Wall Street and the City are coming to decide that gold is a sell. Because interest rates, they reason, are set to rise sooner than they used to imagine.

This professional money is only half-wrong. Central banks aren't about to hike the returns on cash savings, which have been a wasting asset pretty much non-stop since 2007.

But when the central banks do move to defend the real value of cash by hiking rates - or stop beating up short-term rates so badly that longer-term rates start to rise - gold is likely to suffer. Just so long as those hikes actually outpace inflation. Because it's the direction of travel which matters, not any particular level.

Rates Up, Gold Down

See the two fake-outs above? The first, in the mid-1970s, saw gold prices halve in just 18 months, even though the real rate of interest stayed below zero for much of that time.

And once the direction of travel in real interest rates turned around again, gold prices began the second leg of their 1970s' bull market, rising 8-fold between the end of 1976 and the start of 1980.

The second feint came in early 2009, when T-bond yields held steady but inflation went negative on the official CPI index at least. The gold market didn't buy for one second the idea that real rates would stay positive. The Fed wouldn't allow it, gold buyers reasoned (whether they knew it or not). Which now looks a smart call.

Since then, the very worst real rates were offered in September 2011, right when the Dollar gold price hit its current peak of $1920 per ounce. Since then real rates have crept higher. No, today's mere 0.4% might not sound like much. But it's been enough to flatline the gold bull.

Do you think the Fed will now allow or reverse these above-zero debt costs for the US Treasury?

 


 

Adrian Ash

Author: Adrian Ash

Adrian Ash
BullionVault.com

Formerly City correspondent for The Daily Reckoning in London and head of editorial at the UK's leading financial advisory for private investors, Adrian Ash is the head of research at BullionVault, where you can buy gold today vaulted in Zurich on $3 spreads and 0.8% dealing fees.

About BullionVault

BullionVault is the secure, low-cost gold and silver exchange for private investors. It enables you to buy and sell professional-grade bullion at live prices online, storing your physical property in market-accredited, non-bank vaults in London, New York and Zurich.

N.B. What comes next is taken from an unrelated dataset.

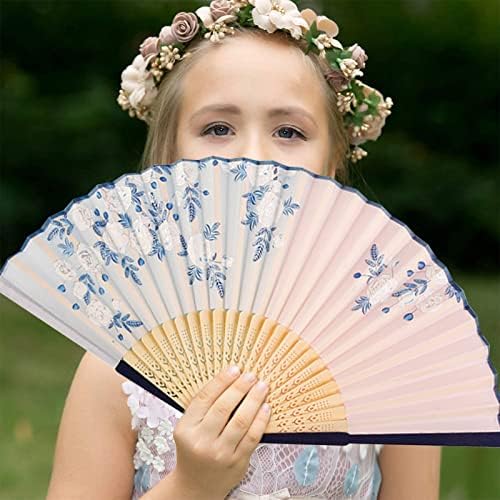 1 Adet El Fan katlanır yelpazeler Bambu Çerçeve ile Vintage el fanı Çin El Fanı Dekoratif Katlanabilir Fan Kadınlar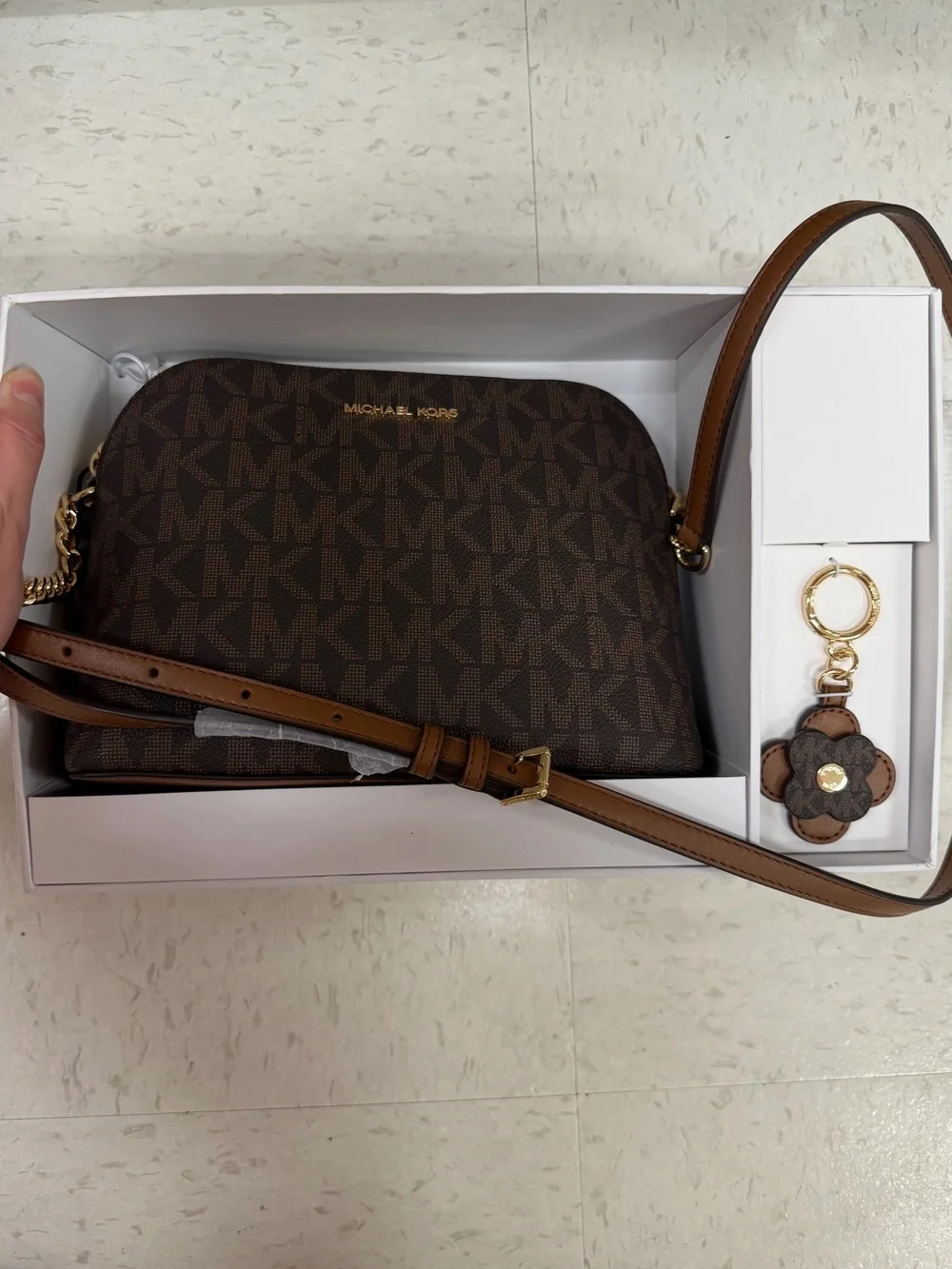 Michael Kors Cindy Large Dome Crossbody Bag with Key Fob Brown Signature NWT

By February 2011, less than six years after launch, more than 21,000 people from 97 countries used BullionVault, owning well over 21 tonnes of physical gold (US$940m) and 140 tonnes of physical silver (US$129m) as their outright property. There is no minimum investment and users can deal as little as one gram at a time. Each user's unique holding is proven, each day, by the public reconciliation of client property with formal bullion-market bar lists.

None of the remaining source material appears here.